## [Aim of the exercise]
Begin at the line containing "Lexus RX IV" in the records below, end at the line containing "Thumbnail 2 in", and retype each line in that span exactly. No other line and no image should appear.

** Opening Records supplied block **

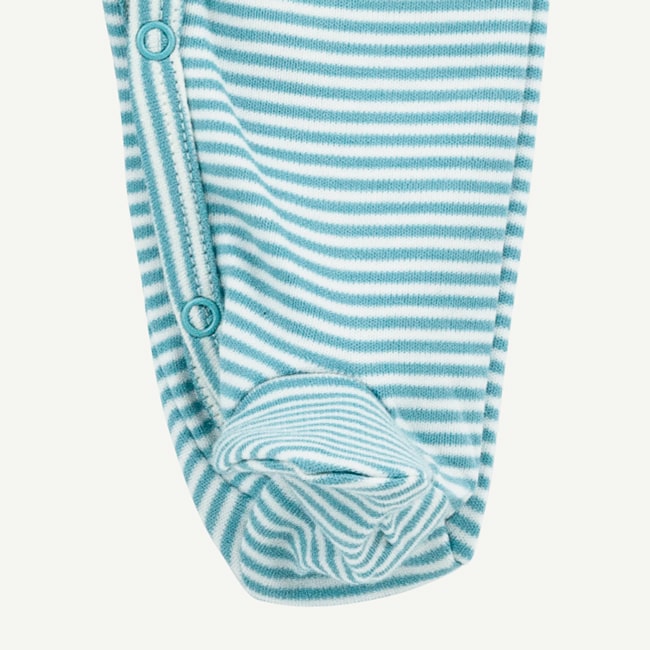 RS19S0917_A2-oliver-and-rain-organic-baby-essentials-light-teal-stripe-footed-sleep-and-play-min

** Closing Records supplied block **
** Opening Records supplied block **

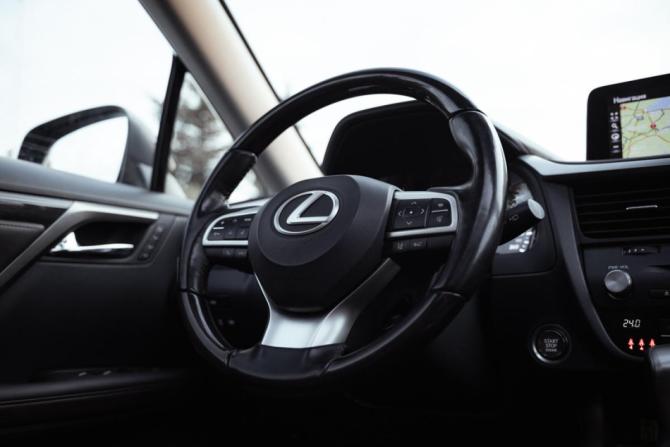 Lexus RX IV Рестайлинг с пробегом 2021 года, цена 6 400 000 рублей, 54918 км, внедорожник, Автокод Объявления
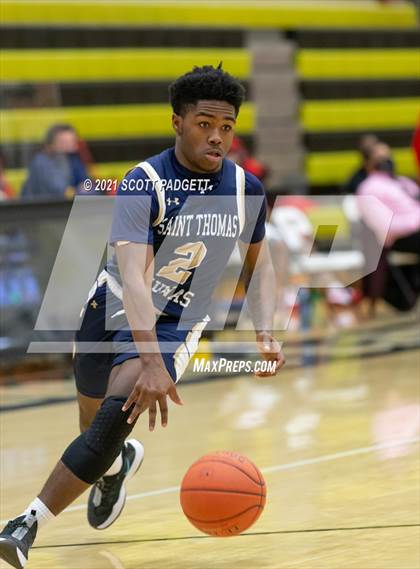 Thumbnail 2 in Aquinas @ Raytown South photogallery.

** Closing Records supplied block **
** Opening Records supplied block **

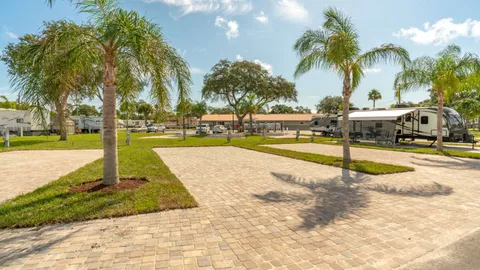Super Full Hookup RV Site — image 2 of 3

** Closing Records supplied block **

## [Answer to the problem]
 Lexus RX IV Рестайлинг с пробегом 2021 года, цена 6 400 000 рублей, 54918 км, внедорожник, Автокод Объявления
 Thumbnail 2 in Aquinas @ Raytown South photogallery.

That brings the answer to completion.